Looks like I need to do more reading thanks, can you explain the 140* rule just in case I can't find it, and when is a good time to probe the meat I'm learning so all the help will be appreciated.
David
The 40-140 rule is that once your meat temp gets up to 40* you want to get it up to 140* within 4 hours to kill the bad bacteria that can grow. 40 - 140* is the ideal temperature for their growth. Here is a thread for you to check out http://www.smokingmeatforums.com/t/121168/40-140-in-4-hours-discussion

As far as probing the meat it is better to wait till it has cooked for a couple hours & killed the surface bacteria & then stick your probe in.
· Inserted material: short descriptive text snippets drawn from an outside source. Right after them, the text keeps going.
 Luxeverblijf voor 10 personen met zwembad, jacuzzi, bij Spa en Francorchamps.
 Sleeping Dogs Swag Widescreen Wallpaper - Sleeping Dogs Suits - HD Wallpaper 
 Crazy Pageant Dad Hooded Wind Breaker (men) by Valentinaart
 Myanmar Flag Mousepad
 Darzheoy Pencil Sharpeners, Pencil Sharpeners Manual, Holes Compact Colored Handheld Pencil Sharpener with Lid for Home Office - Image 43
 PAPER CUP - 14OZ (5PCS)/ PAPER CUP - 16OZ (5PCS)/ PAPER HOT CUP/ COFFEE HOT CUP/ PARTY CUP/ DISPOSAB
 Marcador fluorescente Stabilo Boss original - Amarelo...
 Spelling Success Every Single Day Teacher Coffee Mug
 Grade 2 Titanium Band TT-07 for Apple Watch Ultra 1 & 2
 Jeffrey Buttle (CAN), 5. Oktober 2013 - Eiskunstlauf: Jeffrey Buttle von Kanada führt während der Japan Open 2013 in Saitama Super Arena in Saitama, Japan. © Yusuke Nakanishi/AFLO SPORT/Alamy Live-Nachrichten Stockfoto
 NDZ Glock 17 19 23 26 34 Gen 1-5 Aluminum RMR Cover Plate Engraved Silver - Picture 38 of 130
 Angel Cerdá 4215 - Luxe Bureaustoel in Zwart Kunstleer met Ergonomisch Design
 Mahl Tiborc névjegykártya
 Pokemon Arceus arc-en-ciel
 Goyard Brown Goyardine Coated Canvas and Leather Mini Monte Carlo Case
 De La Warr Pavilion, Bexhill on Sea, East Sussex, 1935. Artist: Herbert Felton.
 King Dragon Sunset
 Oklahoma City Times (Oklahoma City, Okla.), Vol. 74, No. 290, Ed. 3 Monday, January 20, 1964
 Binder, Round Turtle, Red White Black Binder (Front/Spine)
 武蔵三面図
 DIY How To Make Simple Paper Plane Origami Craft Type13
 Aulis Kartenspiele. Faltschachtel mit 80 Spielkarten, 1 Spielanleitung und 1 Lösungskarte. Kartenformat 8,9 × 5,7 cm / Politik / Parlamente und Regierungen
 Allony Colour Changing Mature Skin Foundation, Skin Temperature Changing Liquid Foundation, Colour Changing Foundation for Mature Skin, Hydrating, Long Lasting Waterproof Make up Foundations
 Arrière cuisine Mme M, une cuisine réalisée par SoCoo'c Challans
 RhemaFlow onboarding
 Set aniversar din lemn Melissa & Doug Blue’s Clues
The reason for this is that if you wait, then you are not pushing bacteria into the center of the meat where it will take a lot longer to get up to temp.

Hope I made that easy enough to understand - if not let me know & I will try to explain it better for you.
 
You done well, I was just reading all about it, I'll remember that from now on. My smoker is running between 240*-250*, meats been on 1.5 hrs the IT is at 127*. Thanks again for the help.


David
 
You only need to pass from 40-140* in 4hrs if it is a compromised muscle, such as a bonelessv shoulder cut.

Nice build!!!!!!


Eric
 
You only need to pass from 40-140* in 4hrs if it is a compromised muscle, such as a bonelessv shoulder cut.

Nice build!!!!!!

Eric

Yeah I posted about the 40-140* since he had the probe in from the start - just figured he should know in case he hadn't heard of it before...

Good call...I missed trhat the probe went in right away...just as well to wait if you can for probing.
 
The pork butt is done couldn't get a pic hot off the smoker. I've already got it pulled apart and it tast awesome. I'll put Q- views on when every thing is done. Got the chicken, fatties, and dutches beans on the smoker now pics about 5:00.